## What the task requires:
Below is a listing with pictures. Repeat exactly the lines starting at the one holding "总施工进度计划表横道图" and going on through the one holding "EE, MicroProfile, or", and leave every picture out.

## Input data:
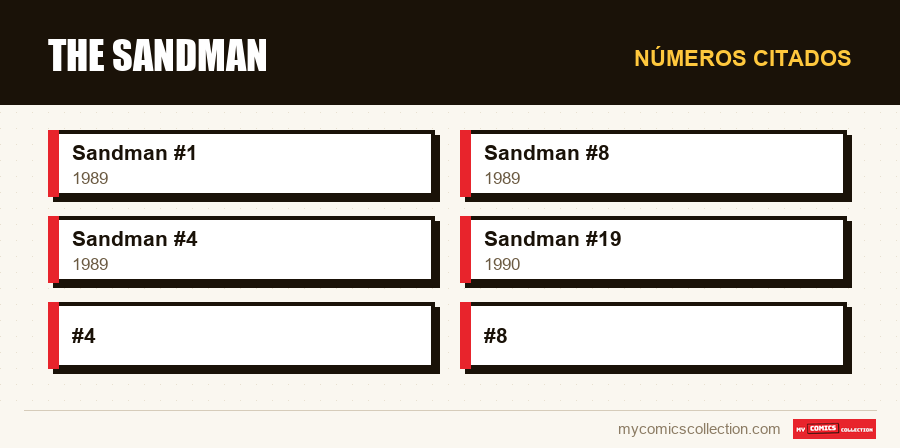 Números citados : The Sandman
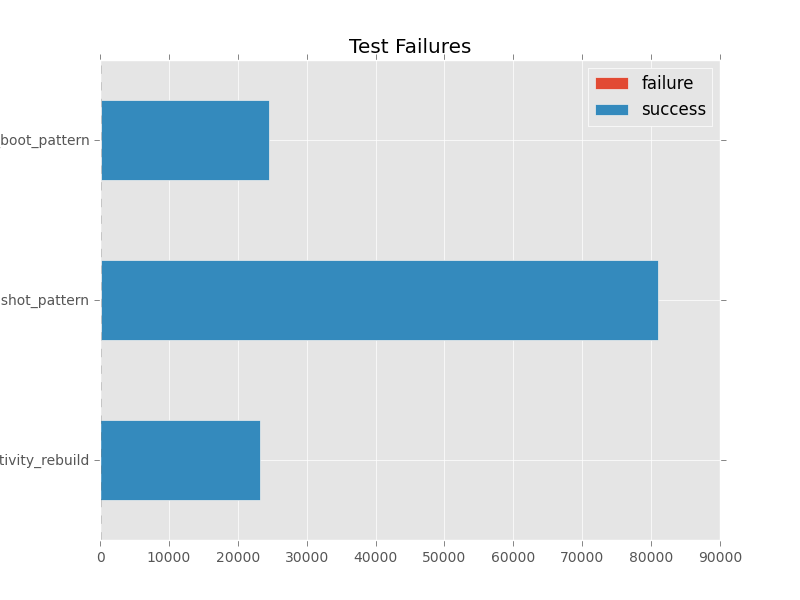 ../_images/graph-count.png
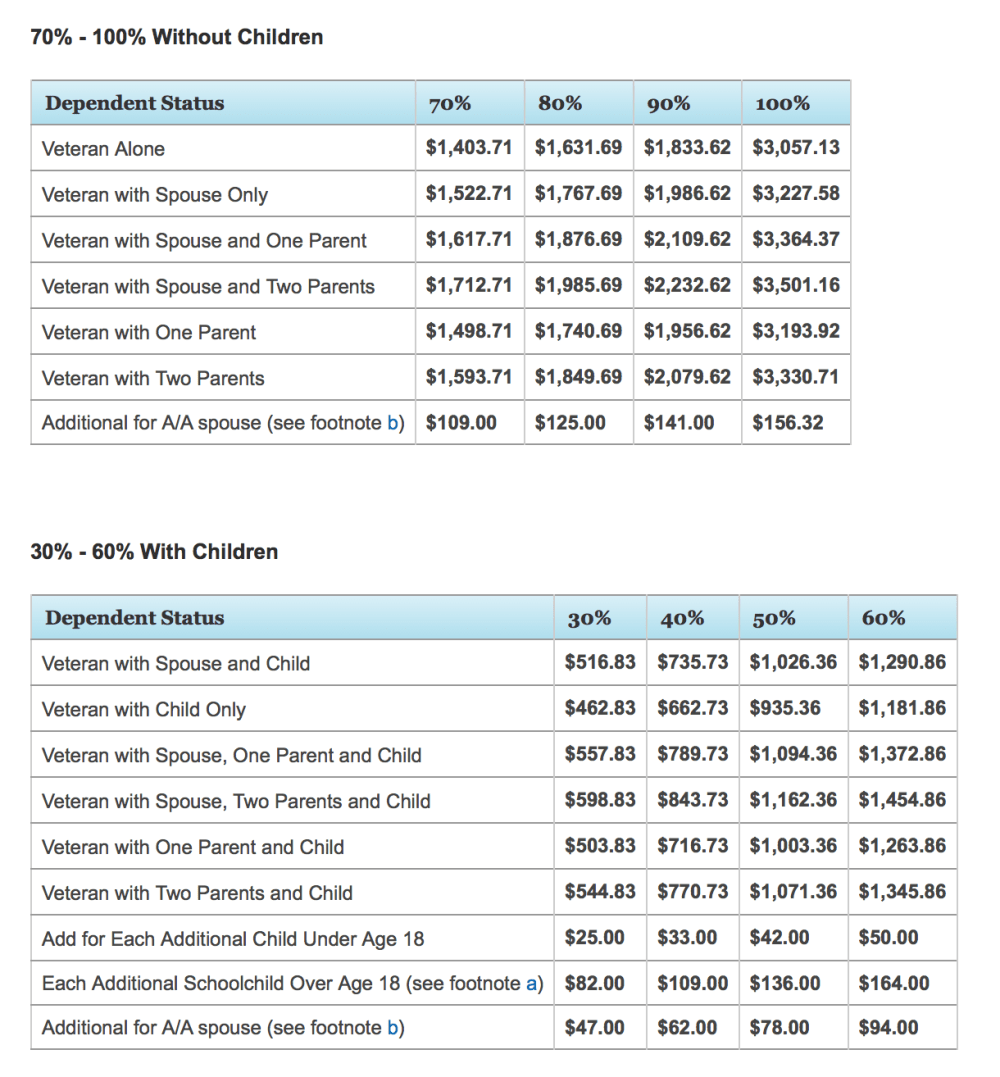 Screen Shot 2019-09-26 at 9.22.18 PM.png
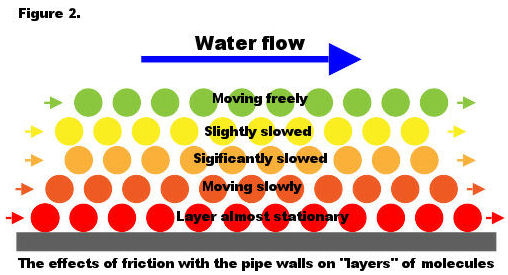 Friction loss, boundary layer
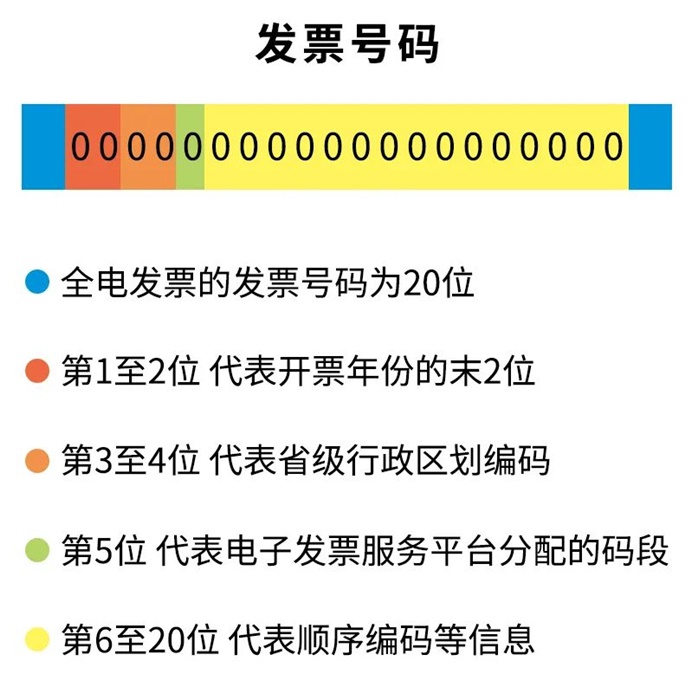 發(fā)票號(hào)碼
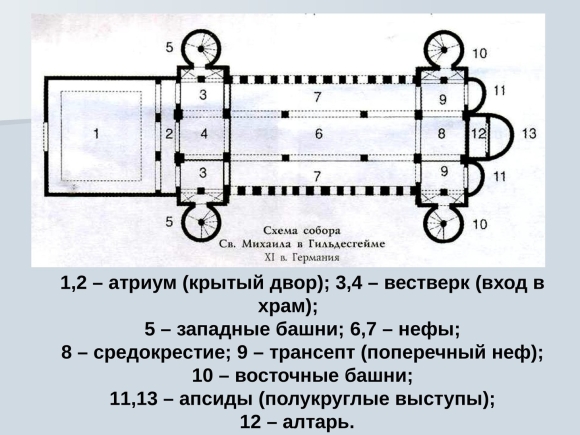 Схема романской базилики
...
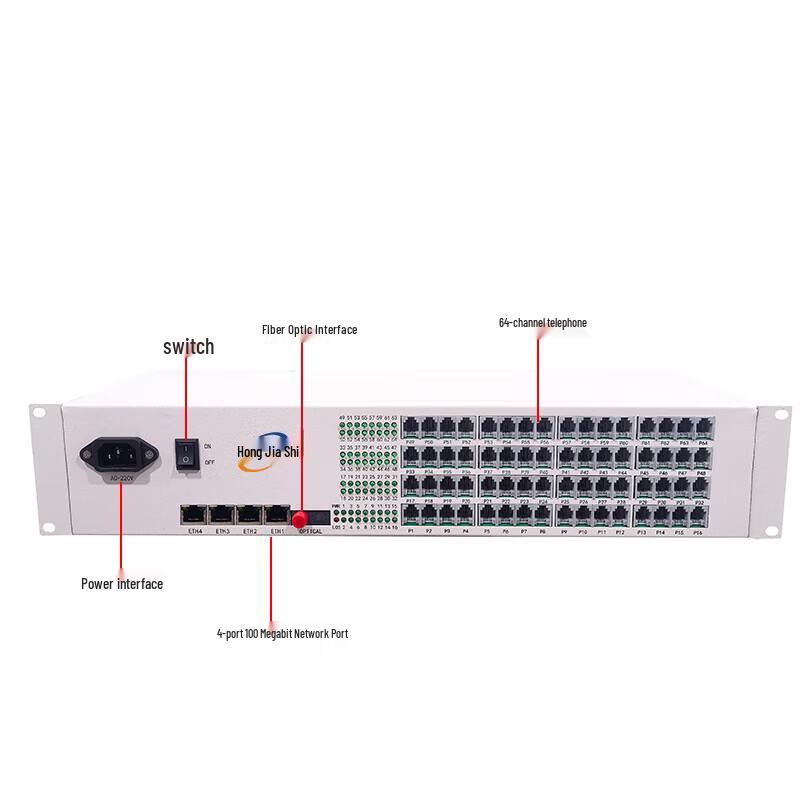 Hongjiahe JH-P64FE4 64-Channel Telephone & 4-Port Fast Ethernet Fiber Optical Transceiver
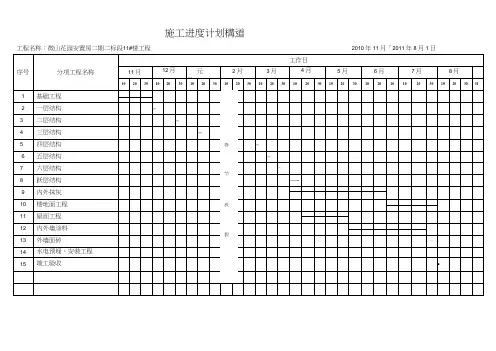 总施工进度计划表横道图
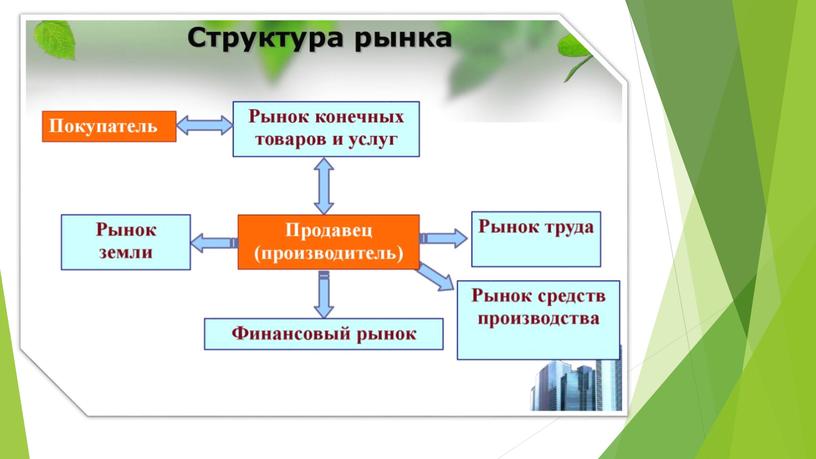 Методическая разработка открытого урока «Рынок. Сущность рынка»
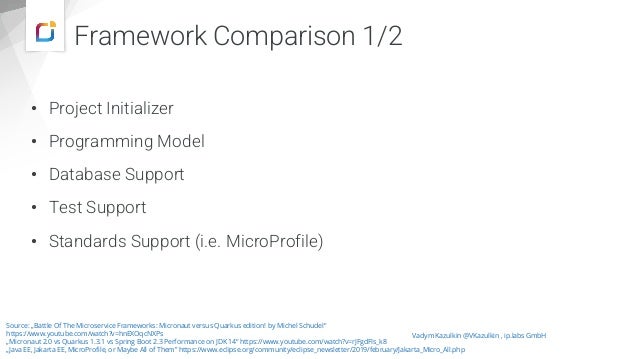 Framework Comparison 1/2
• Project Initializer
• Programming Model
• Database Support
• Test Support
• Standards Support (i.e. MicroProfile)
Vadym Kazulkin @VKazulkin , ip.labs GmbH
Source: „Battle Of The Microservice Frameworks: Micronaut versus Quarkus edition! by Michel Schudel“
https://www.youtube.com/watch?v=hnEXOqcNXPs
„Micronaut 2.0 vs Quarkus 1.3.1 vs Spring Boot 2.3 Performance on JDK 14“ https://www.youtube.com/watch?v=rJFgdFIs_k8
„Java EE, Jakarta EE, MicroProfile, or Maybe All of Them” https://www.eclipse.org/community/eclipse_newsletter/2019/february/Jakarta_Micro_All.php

## Expected answer:
 总施工进度计划表横道图
 Методическая разработка открытого урока «Рынок. Сущность рынка»
 Framework Comparison 1/2
• Project Initializer
• Programming Model
• Database Support
• Test Support
• Standards Support (i.e. MicroProfile)
Vadym Kazulkin @VKazulkin , ip.labs GmbH
Source: „Battle Of The Microservice Frameworks: Micronaut versus Quarkus edition! by Michel Schudel“
https://www.youtube.com/watch?v=hnEXOqcNXPs
„Micronaut 2.0 vs Quarkus 1.3.1 vs Spring Boot 2.3 Performance on JDK 14“ https://www.youtube.com/watch?v=rJFgdFIs_k8
„Java EE, Jakarta EE, MicroProfile, or Maybe All of Them” https://www.eclipse.org/community/eclipse_newsletter/2019/february/Jakarta_Micro_All.php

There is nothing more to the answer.